Reputation: 4207
I am trying to load a tf-agents
policy I saved via
try:
PolicySaver(collect_policy).save(model_dir + 'collect_policy')
except TypeError:
tf.saved_model.save(collect_policy, model_dir + 'collect_policy')
Quick explanation for the try/except block: When originally creating the policy, I can save it via PolicySaver
, but when I load it again for another training run, it is a SavedModel
and can therefore not be saved by PolicySaver
.
This seems to work fine, but now I want to use this policy for self-play, so I load the policy with self.policy = tf.saved_model.load(policy_path)
in my AIPlayer class. When I try to use it for prediction, however, it does not work.

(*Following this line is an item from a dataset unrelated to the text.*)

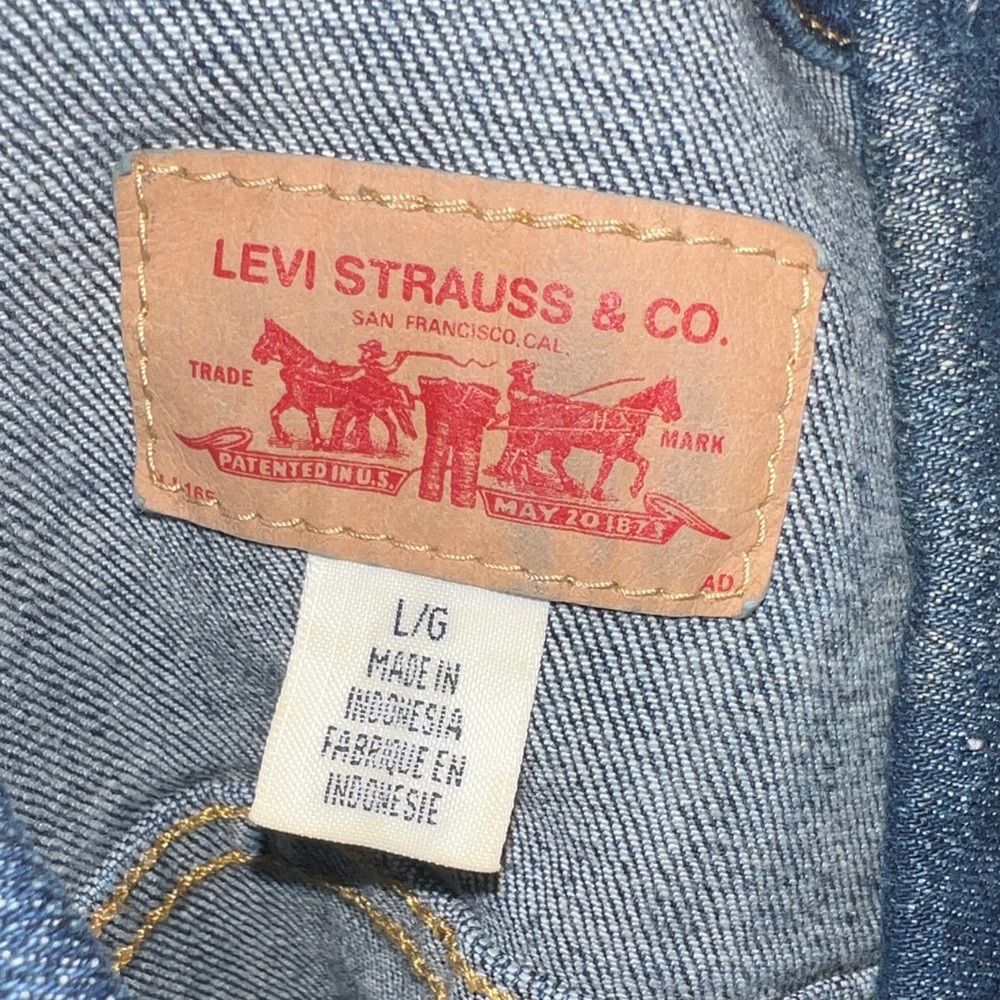 Levis vest - Picture 4 of 4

Here's the (testing) code:
def decide(self, table):
state = table.getState()
timestep = ts.restart(np.array([table.getState()], dtype=np.float))
prediction = self.policy.action(timestep)
print(prediction)
the table
passed into the function contains the state of the game and the ts.restart()
function is copied from my custom pyEnvironment, so the timestep is constructed the exact same way as it would be in the environment. However, I get the following error message for the line prediction=self.policy.action(timestep)
:
ValueError: Could not find matching function to call loaded from the SavedModel. Got:
Positional arguments (2 total):
* TimeStep(step_type=<tf.Tensor 'time_step:0' shape=() dtype=int32>, reward=<tf.Tensor 'time_step_1:0' shape=() dtype=float32>, discount=<tf.Tensor 'time_step_2:0' shape=() dtype=float32>, observation=<tf.Tensor 'time_step_3:0' shape=(1, 79) dtype=float64>)
* ()
Keyword arguments: {}
Expected these arguments to match one of the following 2 option(s):
Option 1:
Positional arguments (2 total):
* TimeStep(step_type=TensorSpec(shape=(None,), dtype=tf.int32, name='time_step/step_type'), reward=TensorSpec(shape=(None,), dtype=tf.float32, name='time_step/reward'), discount=TensorSpec(shape=(None,), dtype=tf.float32, name='time_step/discount'), observation=TensorSpec(shape=(None,
79), dtype=tf.float64, name='time_step/observation'))
* ()
Keyword arguments: {}
Option 2:
Positional arguments (2 total):
* TimeStep(step_type=TensorSpec(shape=(None,), dtype=tf.int32, name='step_type'), reward=TensorSpec(shape=(None,), dtype=tf.float32, name='reward'), discount=TensorSpec(shape=(None,), dtype=tf.float32, name='discount'), observation=TensorSpec(shape=(None, 79), dtype=tf.float64, name='observation'))
* ()
Keyword arguments: {}
What am I doing wrong? Is it really just the tensor names or are the shapes the problem and how can I change that?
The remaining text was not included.